**What you will do:** Everything from the line containing "12649951 General Motors" to the last line of the material below must be retyped exactly, both ends included; skip the pictures.

**Data extract:**
────────

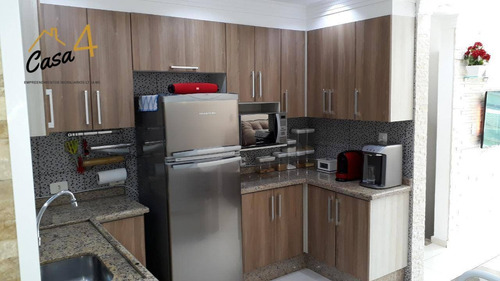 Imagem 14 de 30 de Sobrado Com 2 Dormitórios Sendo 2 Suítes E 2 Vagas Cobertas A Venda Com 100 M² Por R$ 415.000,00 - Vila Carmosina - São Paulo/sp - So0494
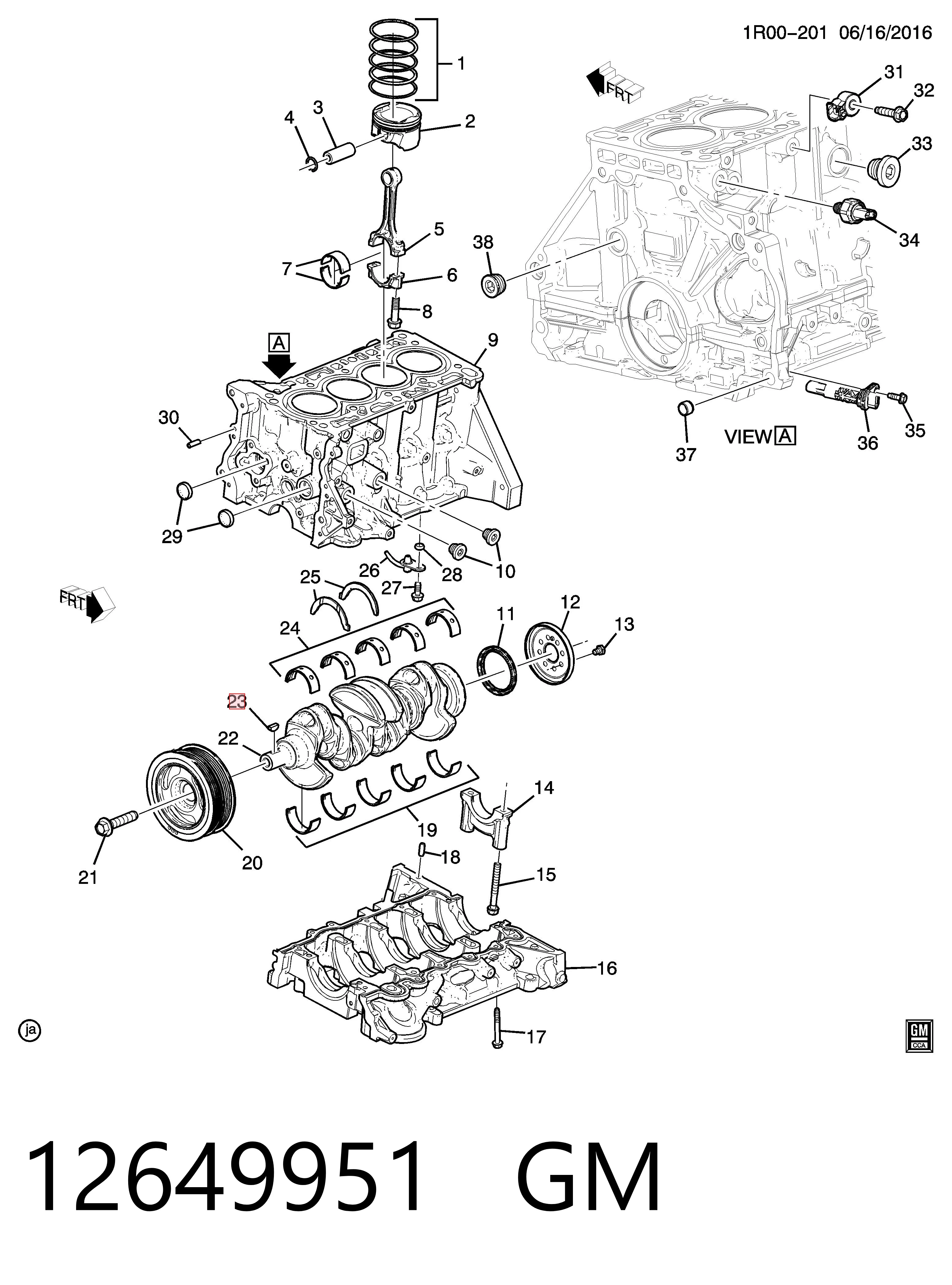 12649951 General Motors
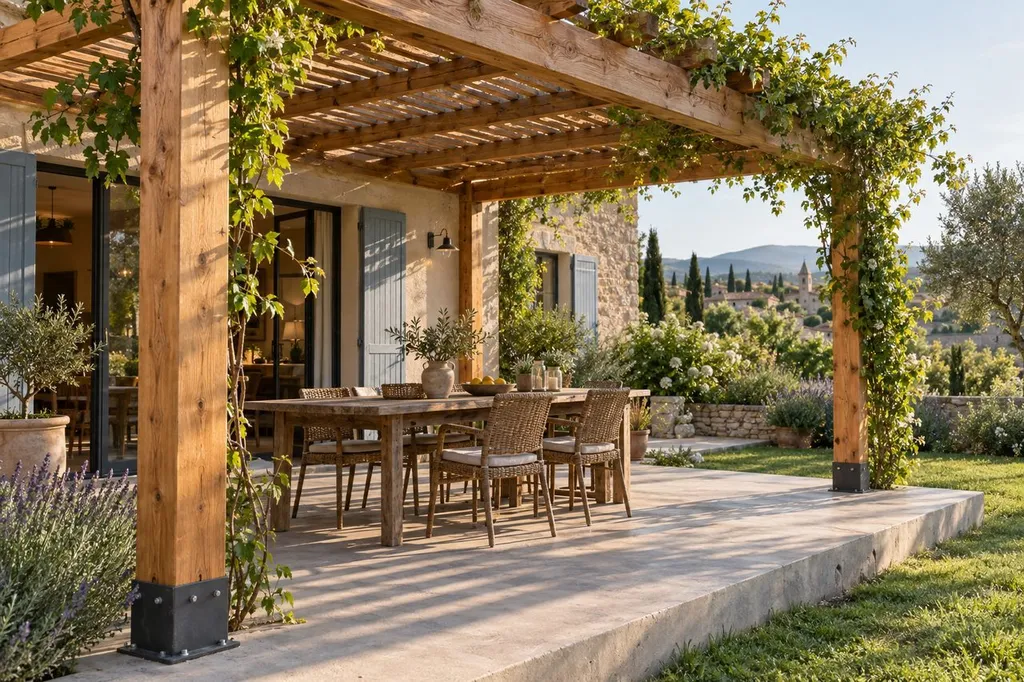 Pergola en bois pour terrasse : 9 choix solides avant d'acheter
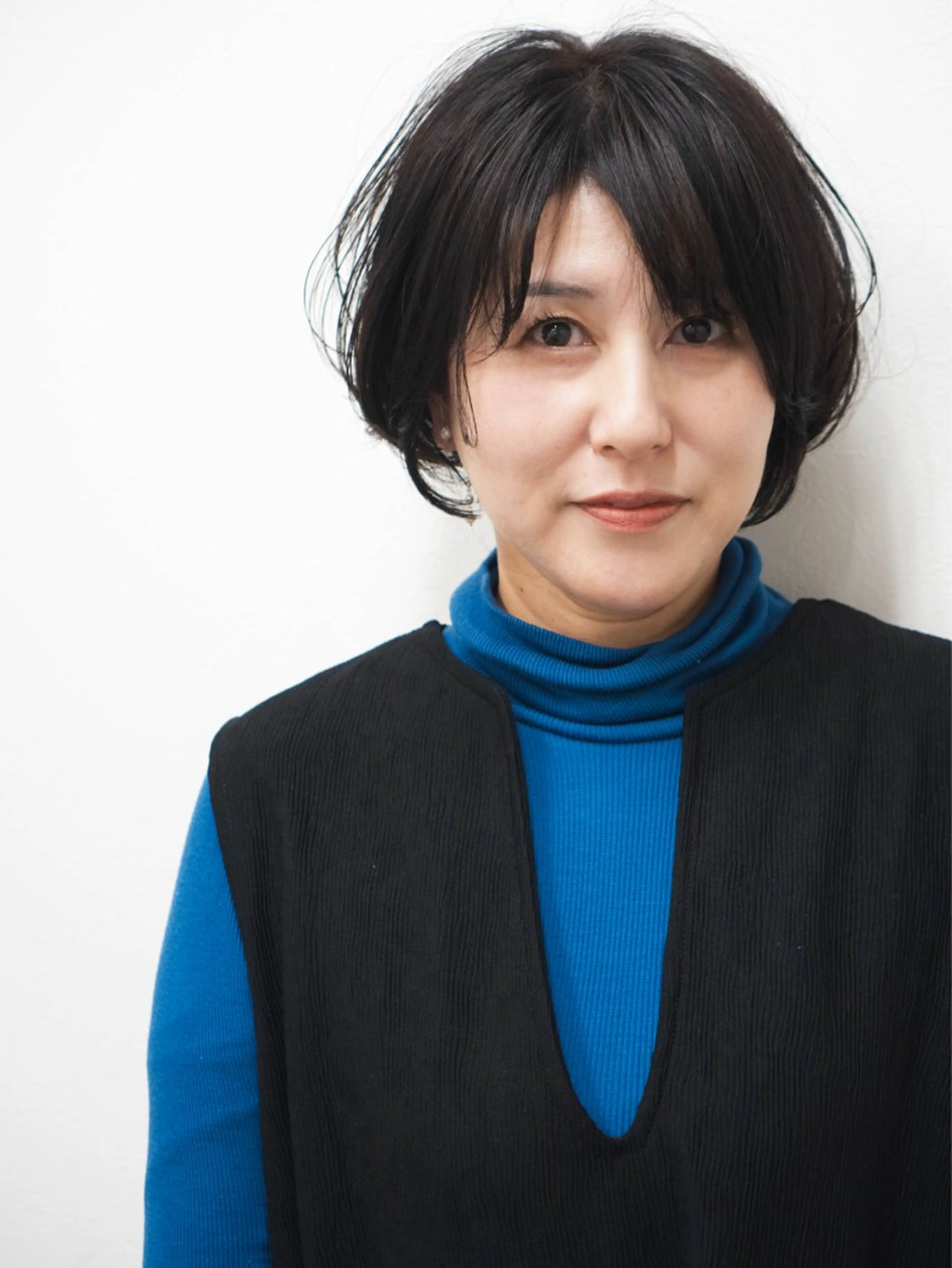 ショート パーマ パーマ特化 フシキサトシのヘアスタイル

────────

**Solution to this exercise:**
 12649951 General Motors
 Pergola en bois pour terrasse : 9 choix solides avant d'acheter
 ショート パーマ パーマ特化 フシキサトシのヘアスタイル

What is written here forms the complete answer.